# Task prompt
Pictures aside, can you reproduce the records word for word?

#####

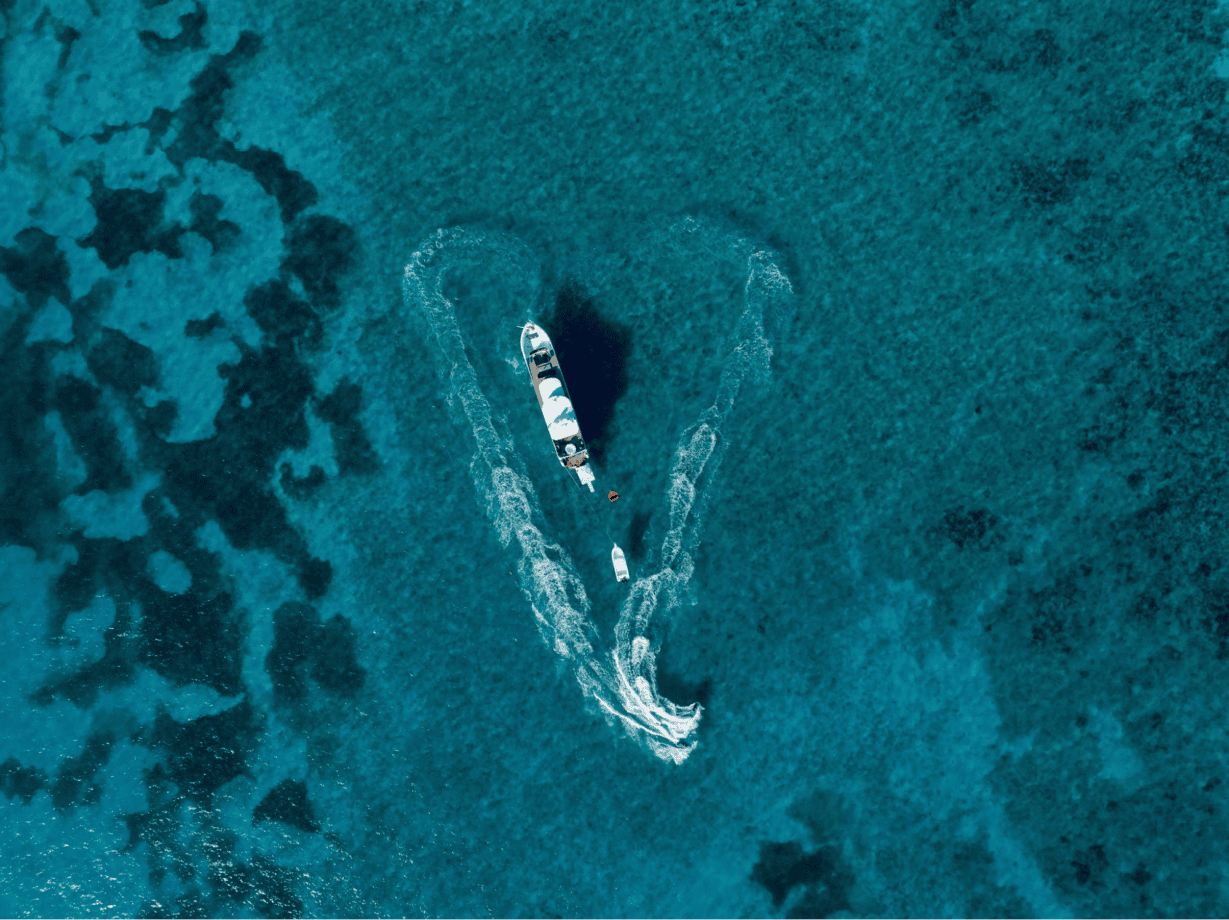 Aerial view of a boat on clear blue water, creating a heart-shaped wake with its path. A small boat follows behind, and the surrounding water shows varying shades of blue and patches of dark coral or rocks.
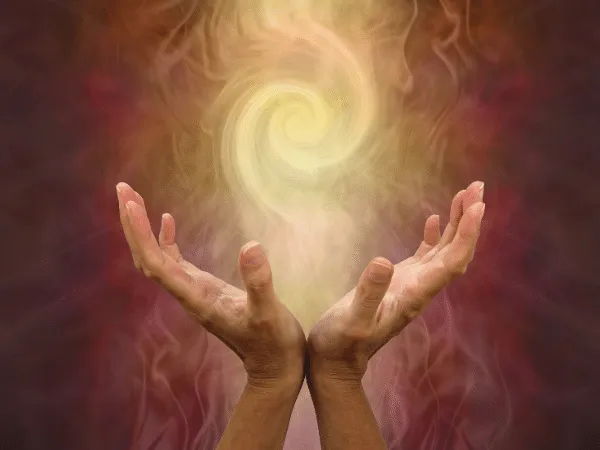 Mani rivolte verso l’alto che richiamano il significato del prano nella pranoterapia, simbolo dell’energia usata dal pranoterapeuta per curare con le mani.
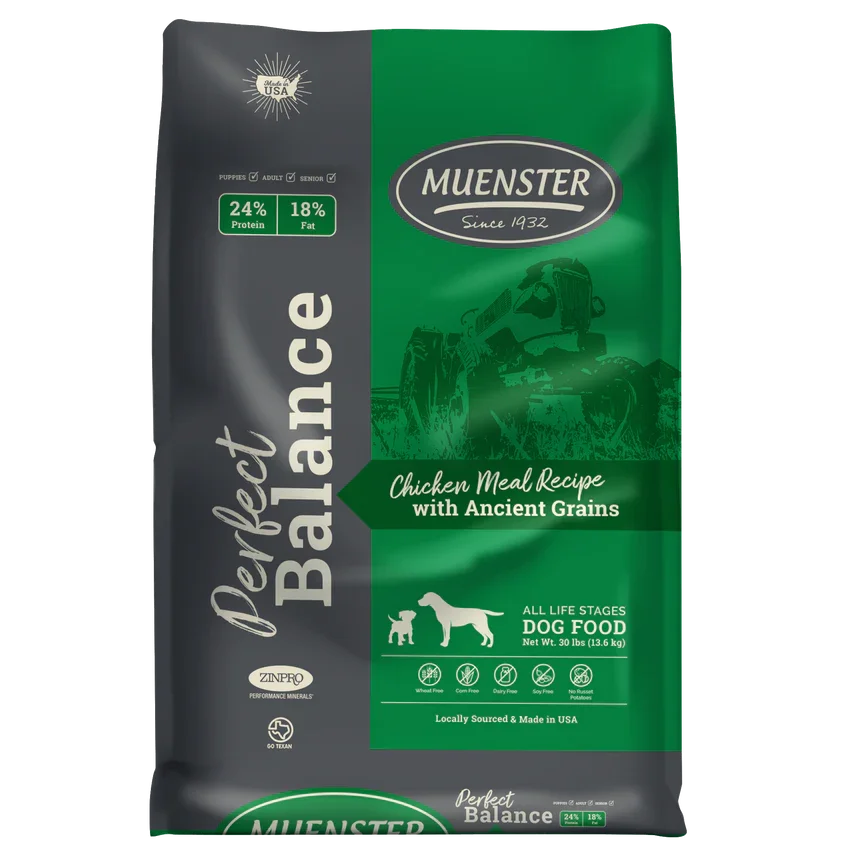 Bag of Muenster dog food labeled 'Chicken Meal Recipe with Ancient Grains,' featuring a silhouette of a dog and a puppy, emphasizing it is suitable for all life stages, and highlighting it is Locally Sourced and Made in USA.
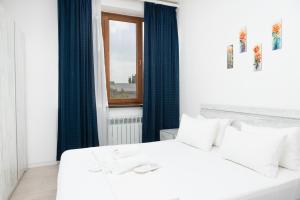 a bedroom with two white beds and a window at Bright 2BR Residence Central Yerevan in Yerevan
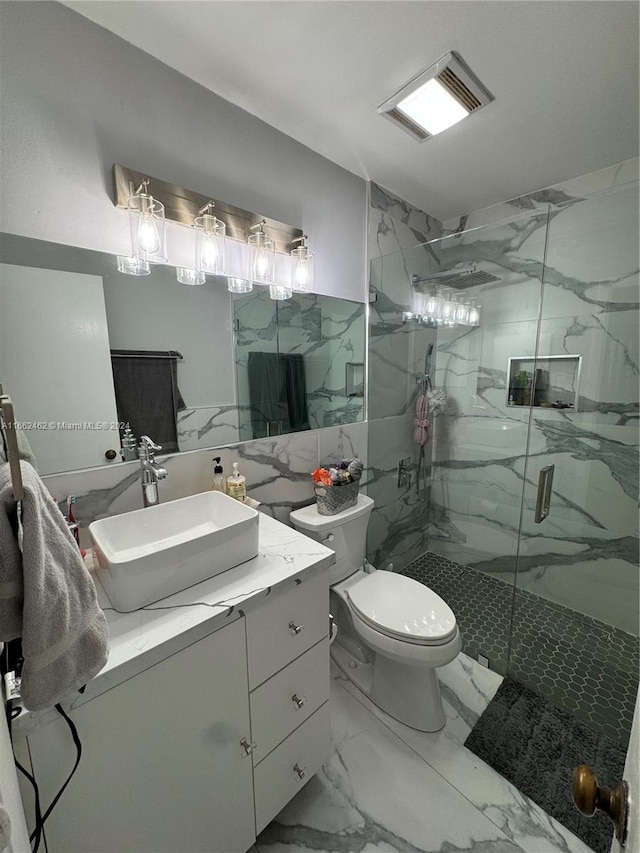 bathroom featuring vanity, toilet, and a shower with door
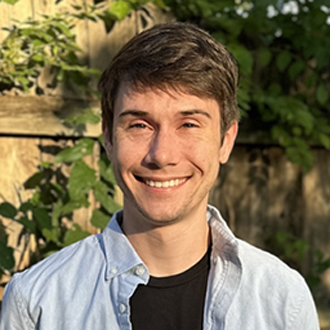 Max is facing forward and smiling. He has brown hair and wears a blue shirt.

#####

# Task output
 Aerial view of a boat on clear blue water, creating a heart-shaped wake with its path. A small boat follows behind, and the surrounding water shows varying shades of blue and patches of dark coral or rocks.
 Mani rivolte verso l’alto che richiamano il significato del prano nella pranoterapia, simbolo dell’energia usata dal pranoterapeuta per curare con le mani.
 Bag of Muenster dog food labeled 'Chicken Meal Recipe with Ancient Grains,' featuring a silhouette of a dog and a puppy, emphasizing it is suitable for all life stages, and highlighting it is Locally Sourced and Made in USA.
 a bedroom with two white beds and a window at Bright 2BR Residence Central Yerevan in Yerevan
 bathroom featuring vanity, toilet, and a shower with door
 Max is facing forward and smiling. He has brown hair and wears a blue shirt.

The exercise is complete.